Surgiu, devido ao Plano Real, uma primeira geração que cresceria na estabilidade monetária, sem se preocupar com taxas de rendimento de caderneta de poupança, sem conhecer “correção monetária", etc. Mais do que um plano de reforma econômica, o Real foi um projeto exitoso de mudança cultural, de conversão da estabilidade econômica em patrimônio da sociedade. Vinte anos depois de lançamento do plano, o Brasil se encontra num momento de inflação elevada e também persistente — ronda o limite superior ( 6,5%) da meta de 4,5% e, mais grave do que isso, é uma inflação subestimada, porque os chamados “preços públicos”, de tarifas e combustíveis, estão contidos artificialmente. A inflação efetiva estaria acima dos 7%/8%. A preocupação aumenta se considerarmos que o Brasil está na contramão de um mundo ainda em deflação. Mas ninguém espera que volte o passado da inflação sem controle. Não apenas há a rejeição política à elevação desvairada dos preços, mas reformas feitas na esteira do Plano Real dotaram o país de um outro ambiente institucional, em que é mais fácil atuar contra fontes de alimentação da alta de preços. É preciso, porém, decisão política para enfrentar a inflação.
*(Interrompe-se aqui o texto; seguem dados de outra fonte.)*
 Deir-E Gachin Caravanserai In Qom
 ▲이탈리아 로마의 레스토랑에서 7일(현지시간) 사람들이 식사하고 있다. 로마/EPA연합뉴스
A instituição da Lei de Responsabilidade Fiscal, em 2000, no segundo governo de FH, tem, apesar dos percalços, servido de antídoto contra a atávica tendência do político brasileiro de considerar o Tesouro fonte inesgotável de recursos. E o desregramento nos gastos foi indiscutível fator de aceleração da inflação. Outro avanço ocorreu na atuação do Banco Central, dotado de todas as condições de administrar a política de juros para defender o poder aquisitivo da moeda. Se tem maior ou menor margem de manobra, depende do Planalto.
Se nada indica que haja mais um ciclo de superinflação à espreita, também é verdade que a estabilização da economia ainda é uma tarefa incompleta. Foi um erro do PT não realizar reformas complementares às feitas pelos tucanos na esteira do Real: a trabalhista e a tributária, por exemplo. É certo que a política e a ideologia foram empecilho a isso, embora Lula houvesse se valido da política econômica tucana para salvar seu primeiro governo de grave crise econômica.
Haja o que houver em outubro, o inquilino do Planalto a partir de 1º de janeiro deveria retomar a rota das reformas. Para que de fato a estabilização decorrente do Real se perenize.